The US Department of Homeland Security (DHS) has taken the unprecedented step of issuing an emergency directive to demand that government agencies take immediate action to protect DNS infrastructure, in response to a major attack campaign by the Iranian Regime.

The Cybersecurity and Infrastructure Security Agency (CISA) recently issued the Mitigating DNS Infrastructure Tampering directive, which detailed how the Iranian Regime’s hacking collective was infiltrating the DNS systems in order to interrupt and redirect web and e-mail traffic.

It explained that the Iranian hackers were obtaining or compromising user logins or identifications in order to make changes to DNS records by directing users to a fake login page that would save a copy of the credentials before redirecting them to the correct page.

The directive read: “Because the attacker can set DNS record values, they can also obtain valid encryption certificates for an organization’s domain names. This allows the redirected traffic to be decrypted, exposing any user-submitted data. Since the certificate is valid for the domain, end users receive no error warnings.”

This Iranian phishing scheme has been observed on multiple domains run by executive branch agencies, so CISA is demanding that all of these government agencies audit their DNS records on all .gov and related domains within 10 days in order to check whether the problem has been resolved and report any issues they encounter.

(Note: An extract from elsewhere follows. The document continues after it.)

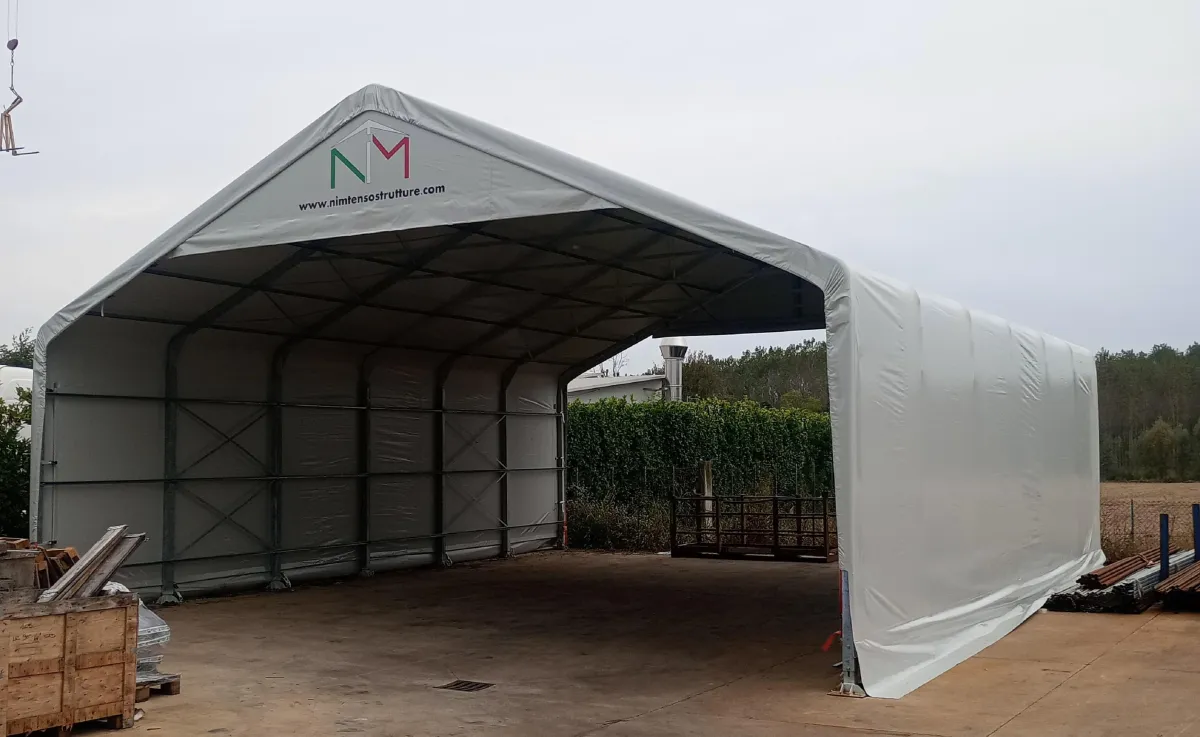 Capannone mobile in PVC industriale certificato NIM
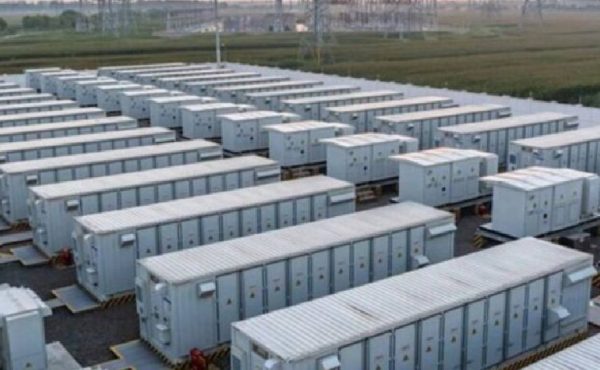 USD 700 millones para mega baterías que refuerzan el sistema eléctrico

CISA also advised that during this 10-day period users update passwords for any accounts that can change DNS records and implement multi-factor authentication, which means that they log in to their accounts via a code that is sent to their phone or email address. While it is true that the Iranian hackers were sometimes able to thwart multi-factor authentication in the latest cyber attack, it relied on the user entering the code within a short timeframe and presented an additional hurdle for the Iranian hackers.

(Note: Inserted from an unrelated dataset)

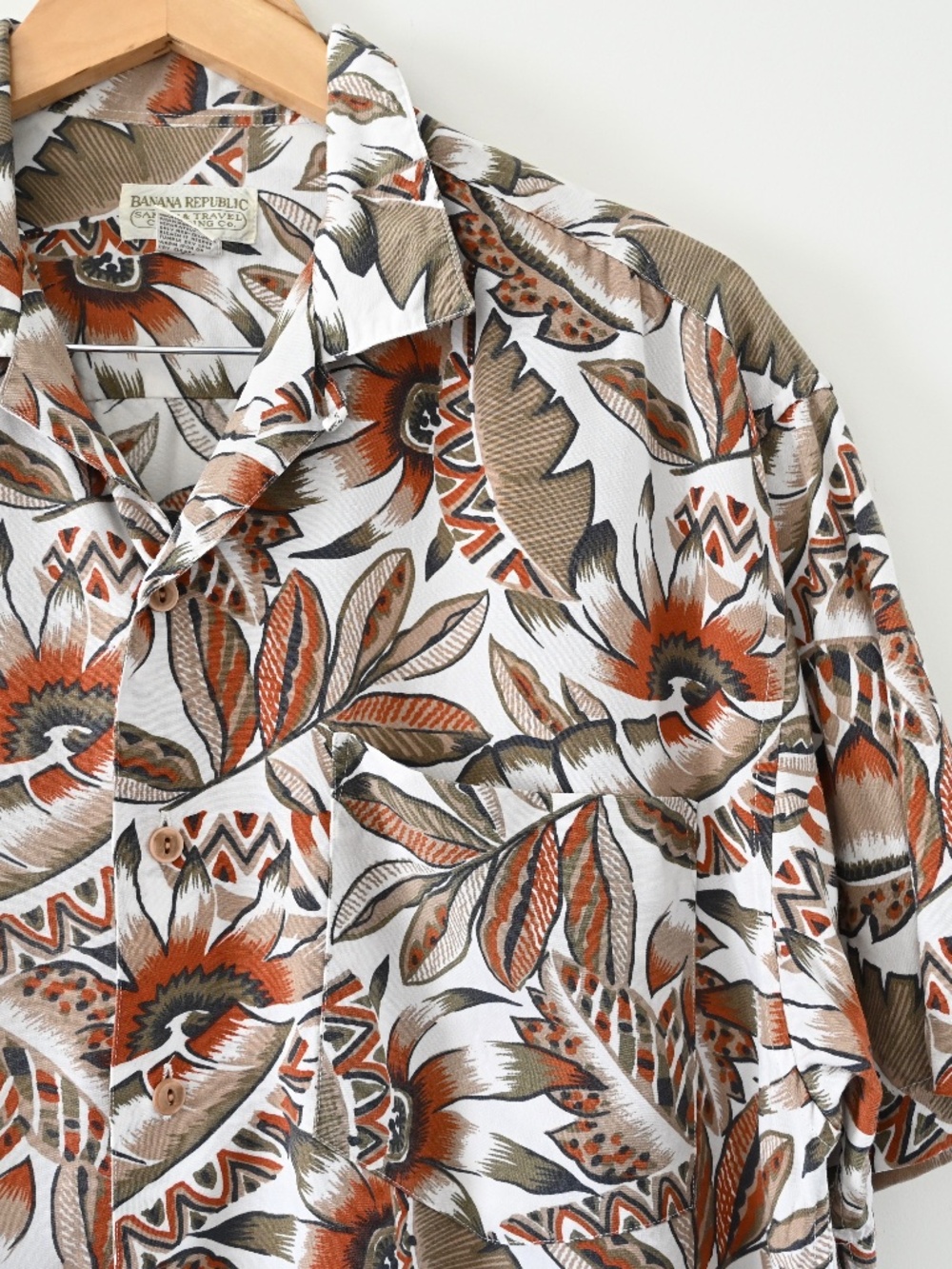 1980s Banana Republic Safari & Travel Clothing Co Tropical Leaf Print Shirt M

CISA also noted that agencies will have to take part in a new Certificate Transparency initiative and monitor any log data for issued certificates that they didn’t request, as there is the clear worry about this falling into the wrong hands.

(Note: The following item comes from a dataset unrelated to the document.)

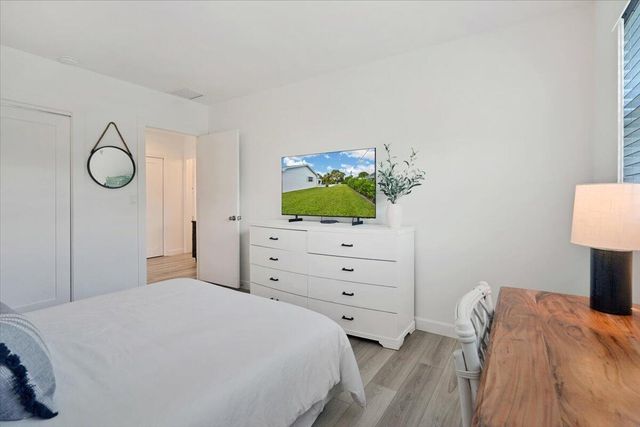 76 W Fairview W W, Tequesta, FL 33469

Given that this order is coming out amidst the longest government shutdown in US history, this shows how seriously the US government is taking the Iranian threat.

Earlier this month, cyber security firm FireEye explained that a global DNS hijacking campaign targeting dozens of domains run by government, telecommunications, and internet infrastructure providers in the Middle East, North Africa, Europe and North America was traced back to Iran. It is believed the Iranian regime’s hackers were looking for confidential information from Middle East governments.